Over 100,000 in northeast Pakistan evacuated amid raging floods
River Sutlej runs high as India is releasing more water towards Pakistan
Authorities accelerated evacuations from settlements along a river on Sunday as raging floods inundated large swaths in northeast Pakistan, with over 100,000 fleeing.
The River Sutlej, which flows through northern India and Pakistan, is running high as India is releasing more water towards downstream areas in Pakistan following the massive rains, officials said.
Two major Indian dams constructed on the river are nearing their maximum capacity again and further rains could lead to the release of water from these reservoirs, posing a threat to at least seven districts of Punjab.

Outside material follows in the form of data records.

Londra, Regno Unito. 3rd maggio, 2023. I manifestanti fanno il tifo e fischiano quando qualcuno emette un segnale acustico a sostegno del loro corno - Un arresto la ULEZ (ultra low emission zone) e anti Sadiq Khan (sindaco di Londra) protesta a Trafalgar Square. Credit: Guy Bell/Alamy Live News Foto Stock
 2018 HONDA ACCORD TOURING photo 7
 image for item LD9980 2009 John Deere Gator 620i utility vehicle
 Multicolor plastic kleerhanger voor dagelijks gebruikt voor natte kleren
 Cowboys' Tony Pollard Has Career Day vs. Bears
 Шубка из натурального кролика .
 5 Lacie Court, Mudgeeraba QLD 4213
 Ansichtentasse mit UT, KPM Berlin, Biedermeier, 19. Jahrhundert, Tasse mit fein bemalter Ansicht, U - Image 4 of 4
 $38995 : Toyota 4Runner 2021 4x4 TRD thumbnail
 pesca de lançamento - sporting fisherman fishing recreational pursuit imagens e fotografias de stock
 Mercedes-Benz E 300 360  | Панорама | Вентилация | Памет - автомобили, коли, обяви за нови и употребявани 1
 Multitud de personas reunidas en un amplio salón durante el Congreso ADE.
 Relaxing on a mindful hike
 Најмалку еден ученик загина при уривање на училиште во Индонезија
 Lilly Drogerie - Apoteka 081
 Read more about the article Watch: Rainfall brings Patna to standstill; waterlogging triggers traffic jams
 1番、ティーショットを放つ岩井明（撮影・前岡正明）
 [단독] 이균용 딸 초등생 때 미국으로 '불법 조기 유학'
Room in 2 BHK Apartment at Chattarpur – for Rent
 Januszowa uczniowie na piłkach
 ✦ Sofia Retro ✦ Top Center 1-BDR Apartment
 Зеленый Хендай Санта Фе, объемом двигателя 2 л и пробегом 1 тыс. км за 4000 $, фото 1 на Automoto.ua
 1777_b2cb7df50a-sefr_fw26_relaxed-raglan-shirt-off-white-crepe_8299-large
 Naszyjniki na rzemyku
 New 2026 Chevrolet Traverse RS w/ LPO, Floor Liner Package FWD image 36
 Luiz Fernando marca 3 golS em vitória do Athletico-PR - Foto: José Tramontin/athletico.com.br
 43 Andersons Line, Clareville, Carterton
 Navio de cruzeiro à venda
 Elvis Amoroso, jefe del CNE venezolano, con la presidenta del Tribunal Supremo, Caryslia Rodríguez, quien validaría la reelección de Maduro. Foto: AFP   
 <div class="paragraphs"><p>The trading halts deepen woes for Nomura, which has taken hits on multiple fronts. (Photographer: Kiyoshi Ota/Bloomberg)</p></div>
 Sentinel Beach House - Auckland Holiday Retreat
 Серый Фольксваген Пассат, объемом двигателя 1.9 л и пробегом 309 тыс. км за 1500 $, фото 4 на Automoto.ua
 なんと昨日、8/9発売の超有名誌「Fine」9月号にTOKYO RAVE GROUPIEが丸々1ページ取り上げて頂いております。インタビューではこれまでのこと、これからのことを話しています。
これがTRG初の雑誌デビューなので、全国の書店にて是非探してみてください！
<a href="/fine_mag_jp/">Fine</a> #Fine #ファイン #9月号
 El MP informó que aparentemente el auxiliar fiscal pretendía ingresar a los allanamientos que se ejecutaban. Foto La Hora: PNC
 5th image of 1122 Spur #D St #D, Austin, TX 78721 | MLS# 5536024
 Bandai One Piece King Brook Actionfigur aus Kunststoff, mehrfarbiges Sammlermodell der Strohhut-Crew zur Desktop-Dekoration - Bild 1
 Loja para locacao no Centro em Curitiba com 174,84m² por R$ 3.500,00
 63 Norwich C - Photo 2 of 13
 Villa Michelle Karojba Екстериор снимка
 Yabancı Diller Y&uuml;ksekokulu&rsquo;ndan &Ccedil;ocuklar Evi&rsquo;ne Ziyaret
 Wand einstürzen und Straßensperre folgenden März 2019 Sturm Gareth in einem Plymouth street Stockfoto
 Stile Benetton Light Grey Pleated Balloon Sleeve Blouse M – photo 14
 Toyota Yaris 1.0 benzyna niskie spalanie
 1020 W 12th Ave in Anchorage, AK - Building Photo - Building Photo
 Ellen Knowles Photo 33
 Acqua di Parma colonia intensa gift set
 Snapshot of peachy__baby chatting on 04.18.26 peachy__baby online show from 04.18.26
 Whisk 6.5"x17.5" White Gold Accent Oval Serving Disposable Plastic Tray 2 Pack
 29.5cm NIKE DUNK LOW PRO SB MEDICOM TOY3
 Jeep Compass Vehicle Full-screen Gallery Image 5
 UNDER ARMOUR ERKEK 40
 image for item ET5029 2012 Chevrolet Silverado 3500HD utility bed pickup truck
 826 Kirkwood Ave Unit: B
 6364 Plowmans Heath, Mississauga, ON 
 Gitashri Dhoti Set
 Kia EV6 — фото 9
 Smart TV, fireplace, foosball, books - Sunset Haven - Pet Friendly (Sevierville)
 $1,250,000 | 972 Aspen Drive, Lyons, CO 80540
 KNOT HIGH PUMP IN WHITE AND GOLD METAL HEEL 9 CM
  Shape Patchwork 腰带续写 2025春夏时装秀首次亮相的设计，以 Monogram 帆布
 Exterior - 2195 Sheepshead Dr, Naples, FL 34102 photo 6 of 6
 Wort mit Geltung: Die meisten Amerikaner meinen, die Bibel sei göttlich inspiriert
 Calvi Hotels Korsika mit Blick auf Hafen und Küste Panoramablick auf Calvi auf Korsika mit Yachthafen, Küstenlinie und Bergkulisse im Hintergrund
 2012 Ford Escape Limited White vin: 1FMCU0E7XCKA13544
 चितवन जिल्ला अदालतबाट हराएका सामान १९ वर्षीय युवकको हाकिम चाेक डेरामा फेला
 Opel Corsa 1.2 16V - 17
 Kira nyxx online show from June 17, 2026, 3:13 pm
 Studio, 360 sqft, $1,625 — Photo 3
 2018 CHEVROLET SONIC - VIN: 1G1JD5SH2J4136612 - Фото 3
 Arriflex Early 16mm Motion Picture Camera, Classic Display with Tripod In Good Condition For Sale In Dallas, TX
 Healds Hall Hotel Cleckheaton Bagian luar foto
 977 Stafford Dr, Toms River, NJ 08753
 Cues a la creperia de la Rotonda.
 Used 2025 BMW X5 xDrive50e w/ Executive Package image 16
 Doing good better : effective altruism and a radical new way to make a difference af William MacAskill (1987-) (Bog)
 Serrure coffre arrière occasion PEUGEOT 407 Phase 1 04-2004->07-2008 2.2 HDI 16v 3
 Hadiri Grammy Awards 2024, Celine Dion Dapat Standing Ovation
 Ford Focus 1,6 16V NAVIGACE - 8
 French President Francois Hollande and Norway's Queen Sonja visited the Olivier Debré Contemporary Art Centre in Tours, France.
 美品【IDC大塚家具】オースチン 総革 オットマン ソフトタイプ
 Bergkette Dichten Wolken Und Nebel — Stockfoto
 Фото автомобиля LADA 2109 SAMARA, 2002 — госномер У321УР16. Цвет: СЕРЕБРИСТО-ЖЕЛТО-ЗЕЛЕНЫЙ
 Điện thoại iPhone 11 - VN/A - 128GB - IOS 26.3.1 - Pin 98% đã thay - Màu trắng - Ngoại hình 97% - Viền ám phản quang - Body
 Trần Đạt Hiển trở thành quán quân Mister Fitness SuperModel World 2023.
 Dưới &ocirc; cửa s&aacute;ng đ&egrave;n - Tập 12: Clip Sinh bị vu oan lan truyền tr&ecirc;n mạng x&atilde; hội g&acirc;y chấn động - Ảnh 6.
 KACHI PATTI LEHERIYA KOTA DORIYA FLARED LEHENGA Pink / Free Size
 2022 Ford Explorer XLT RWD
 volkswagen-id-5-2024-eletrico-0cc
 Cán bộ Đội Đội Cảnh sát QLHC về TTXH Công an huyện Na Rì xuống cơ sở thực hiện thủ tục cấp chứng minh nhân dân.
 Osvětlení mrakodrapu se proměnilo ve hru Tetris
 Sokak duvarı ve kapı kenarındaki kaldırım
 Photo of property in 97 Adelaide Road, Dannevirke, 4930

Mohsin Naqvi, interim chief minister of Punjab, described the latest floods as the "worst in 35 years."
Deeba Shahnaz, a spokeswoman for the Punjab Rescue Department, told Anadolu that over 100,000 people have been evacuated from the Kasur, Pakpattan, Pakpattan, Vehari, Bahawalnagar, Lodhran, Multan, and Bahawalpur districts since July 9.
Multiple clips aired on local broadcaster Geo News showed army troops and rescuers moving people and cattle from downstream areas using boats.
Residents could also be seen wading through waist-deep waters along with cattle and belongings to reach safety.
According to Shahnaz, since July 9, 17 people have been killed in flood-related accidents, while 36 suffered injuries.
Longtime rivals Pakistan and India share the water of six rivers under the Indus Water Treaty (IWT), an agreement brokered by the World Bank in 1960.
Under the agreement, the waters of the eastern rivers – the Sutlej, Beas and Ravi – are allocated to India, while the three western rivers – the Indus, Jhelum and Chenab – go to Pakistan.